(Source data)

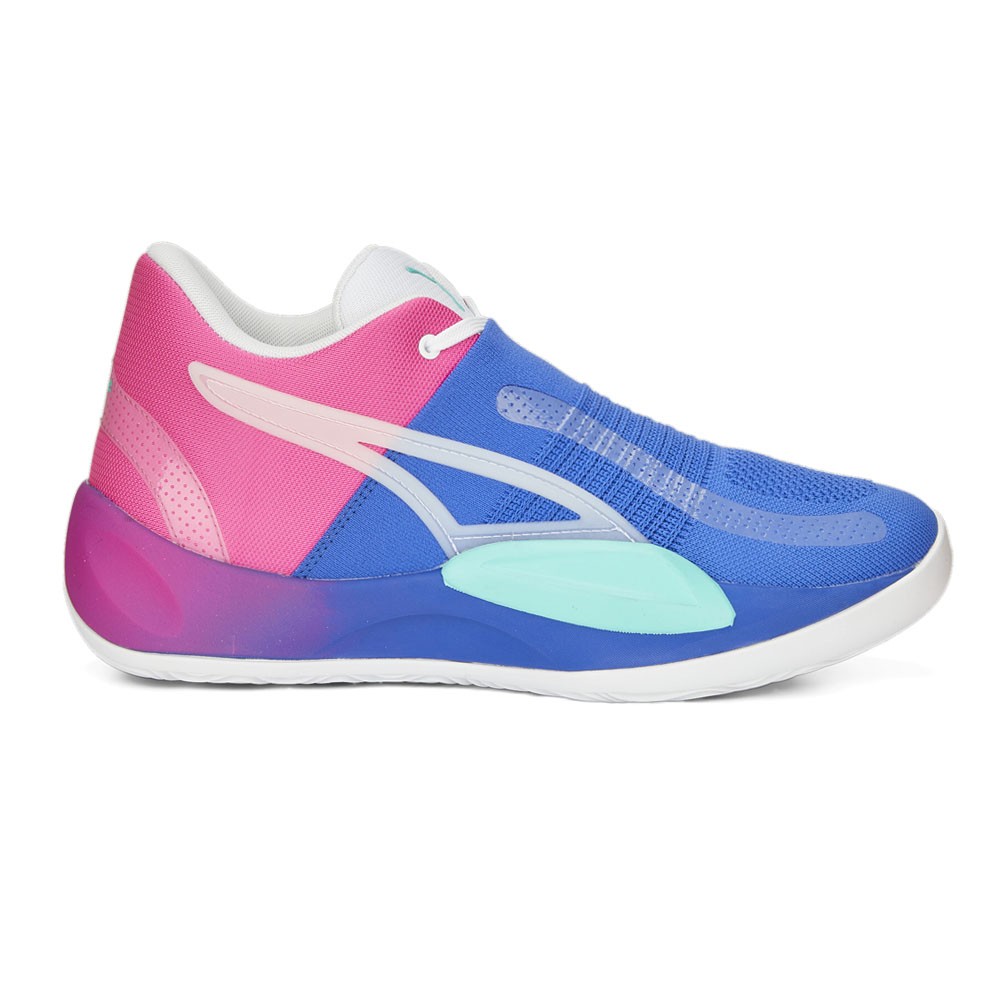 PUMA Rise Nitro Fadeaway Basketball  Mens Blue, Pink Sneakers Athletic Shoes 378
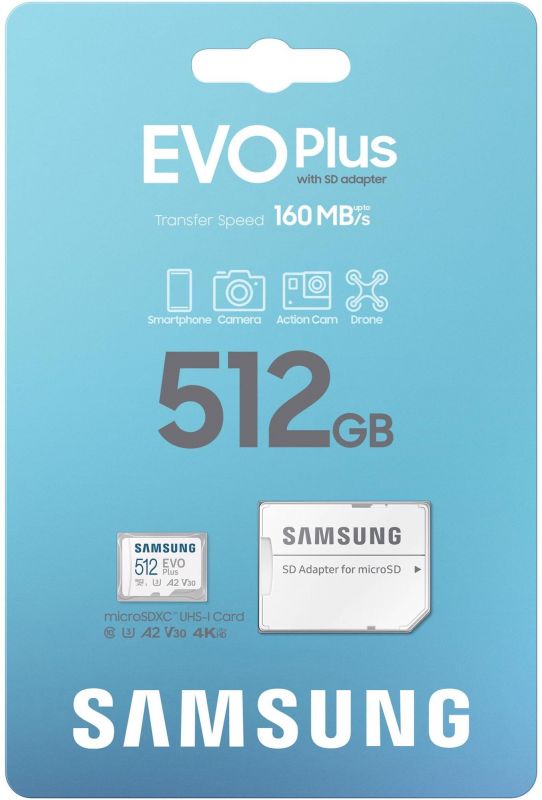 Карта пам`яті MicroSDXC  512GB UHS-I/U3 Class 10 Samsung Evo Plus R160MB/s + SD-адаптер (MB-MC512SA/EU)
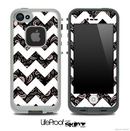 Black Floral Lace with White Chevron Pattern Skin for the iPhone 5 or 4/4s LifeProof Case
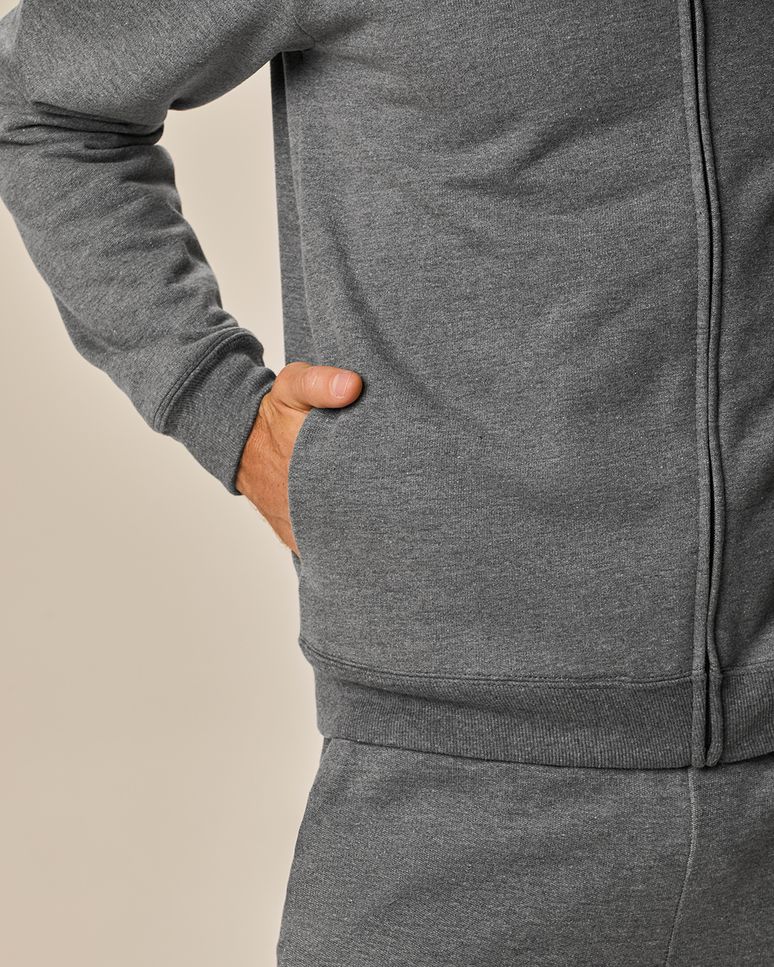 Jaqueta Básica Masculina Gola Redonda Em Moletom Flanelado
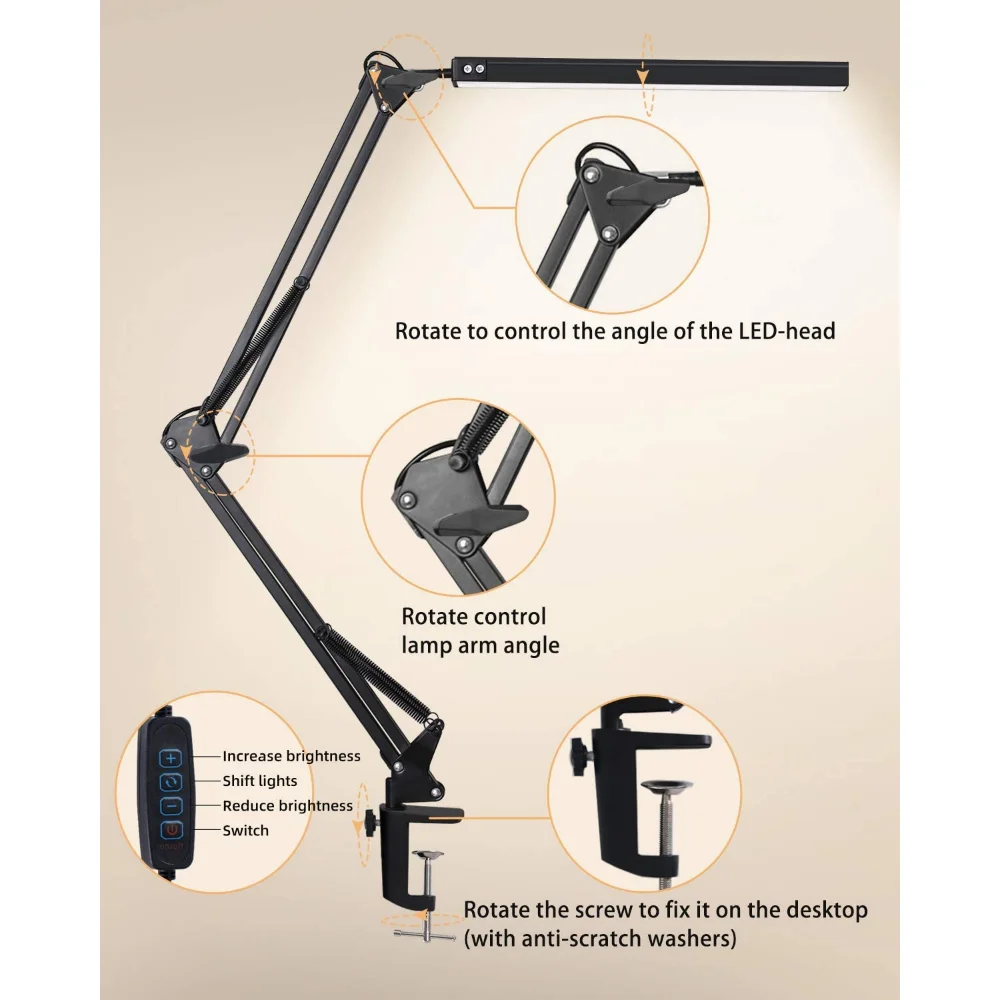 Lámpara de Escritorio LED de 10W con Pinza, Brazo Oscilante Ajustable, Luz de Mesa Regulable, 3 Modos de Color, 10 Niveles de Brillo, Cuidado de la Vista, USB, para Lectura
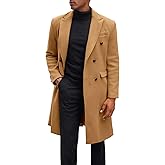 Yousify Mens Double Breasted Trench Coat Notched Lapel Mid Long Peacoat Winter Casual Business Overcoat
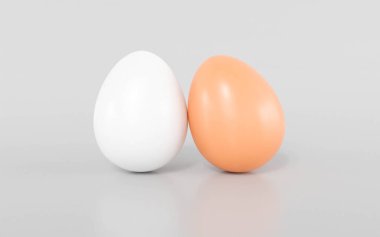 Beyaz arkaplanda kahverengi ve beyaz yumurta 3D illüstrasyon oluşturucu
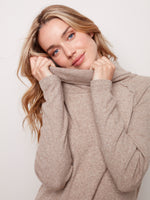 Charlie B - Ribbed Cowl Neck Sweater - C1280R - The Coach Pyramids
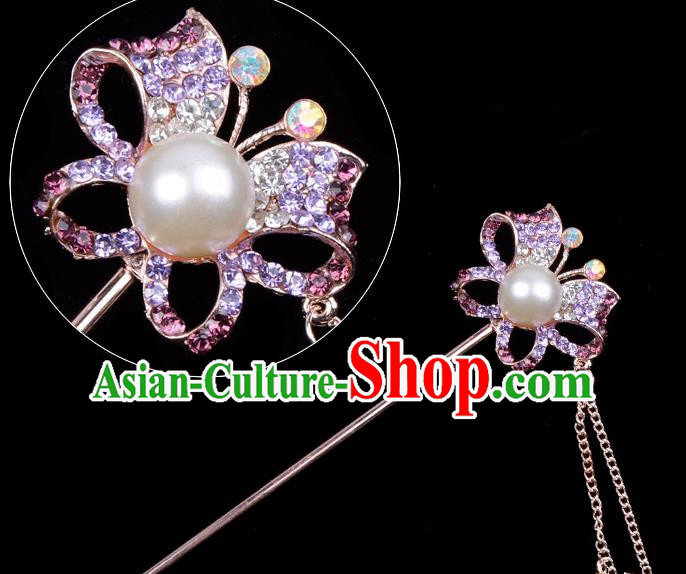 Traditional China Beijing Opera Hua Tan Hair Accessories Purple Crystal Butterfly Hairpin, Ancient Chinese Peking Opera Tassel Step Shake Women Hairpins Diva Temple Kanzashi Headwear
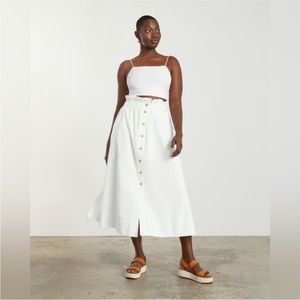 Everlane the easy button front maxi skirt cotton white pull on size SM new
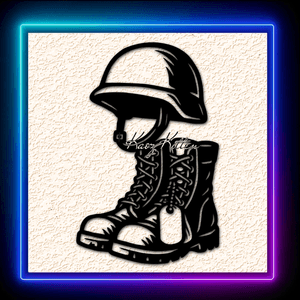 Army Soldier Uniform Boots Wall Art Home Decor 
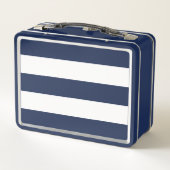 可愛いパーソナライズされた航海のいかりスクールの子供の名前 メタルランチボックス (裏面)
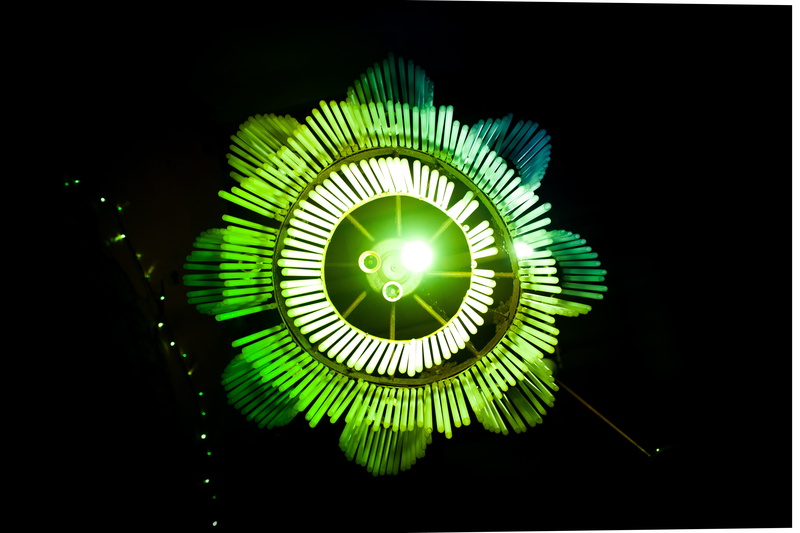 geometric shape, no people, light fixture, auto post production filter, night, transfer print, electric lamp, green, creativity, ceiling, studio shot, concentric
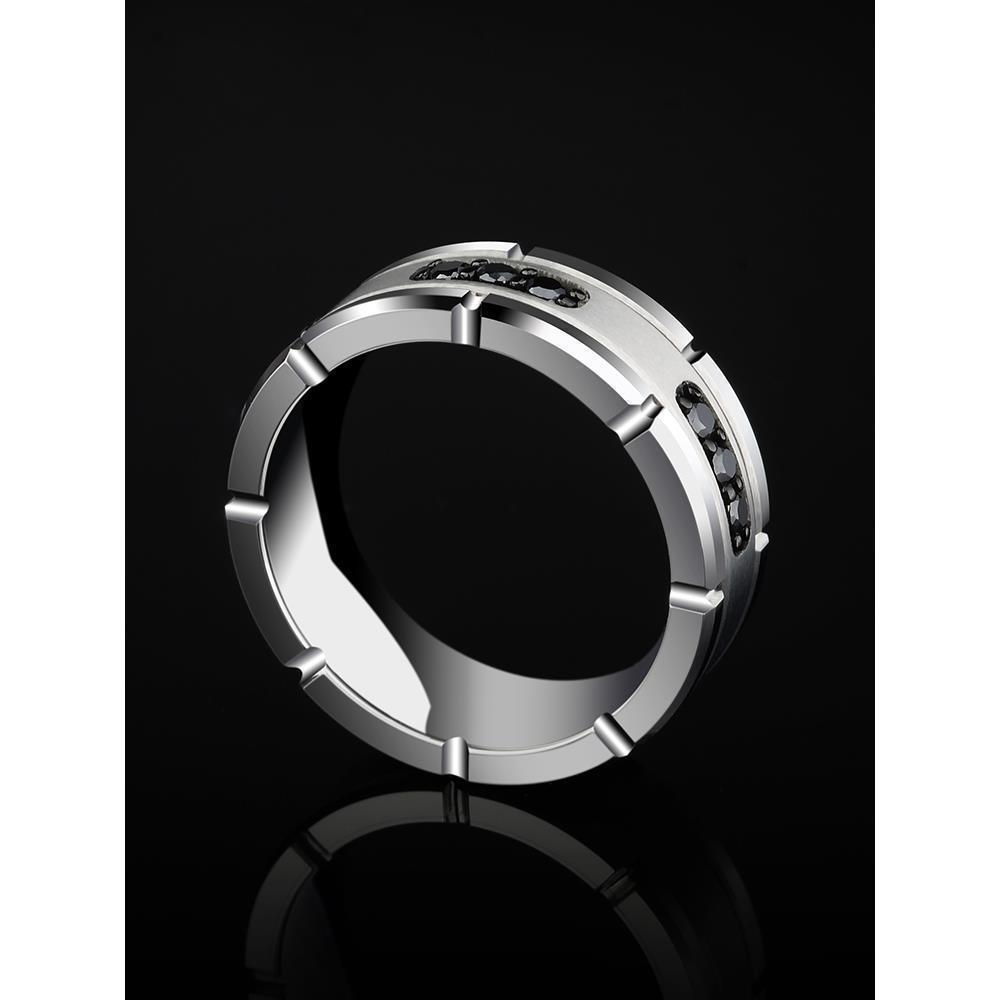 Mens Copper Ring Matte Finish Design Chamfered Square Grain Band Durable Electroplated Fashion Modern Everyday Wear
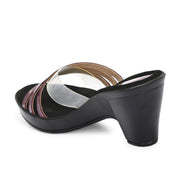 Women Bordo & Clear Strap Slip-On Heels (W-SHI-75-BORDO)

• [ACTIVITY]:
The records are to be retyped in full and exactly, with no image carried over.

• [SOLUTION TO THE EXERCISE]:
 PUMA Rise Nitro Fadeaway Basketball  Mens Blue, Pink Sneakers Athletic Shoes 378
 Карта пам`яті MicroSDXC  512GB UHS-I/U3 Class 10 Samsung Evo Plus R160MB/s + SD-адаптер (MB-MC512SA/EU)
 Black Floral Lace with White Chevron Pattern Skin for the iPhone 5 or 4/4s LifeProof Case
 Jaqueta Básica Masculina Gola Redonda Em Moletom Flanelado
 Lámpara de Escritorio LED de 10W con Pinza, Brazo Oscilante Ajustable, Luz de Mesa Regulable, 3 Modos de Color, 10 Niveles de Brillo, Cuidado de la Vista, USB, para Lectura
 Yousify Mens Double Breasted Trench Coat Notched Lapel Mid Long Peacoat Winter Casual Business Overcoat
 Beyaz arkaplanda kahverengi ve beyaz yumurta 3D illüstrasyon oluşturucu
 Charlie B - Ribbed Cowl Neck Sweater - C1280R - The Coach Pyramids
 Traditional China Beijing Opera Hua Tan Hair Accessories Purple Crystal Butterfly Hairpin, Ancient Chinese Peking Opera Tassel Step Shake Women Hairpins Diva Temple Kanzashi Headwear
 Everlane the easy button front maxi skirt cotton white pull on size SM new
 Army Soldier Uniform Boots Wall Art Home Decor 
 可愛いパーソナライズされた航海のいかりスクールの子供の名前 メタルランチボックス (裏面)
 geometric shape, no people, light fixture, auto post production filter, night, transfer print, electric lamp, green, creativity, ceiling, studio shot, concentric
 Mens Copper Ring Matte Finish Design Chamfered Square Grain Band Durable Electroplated Fashion Modern Everyday Wear
 Women Bordo & Clear Strap Slip-On Heels (W-SHI-75-BORDO)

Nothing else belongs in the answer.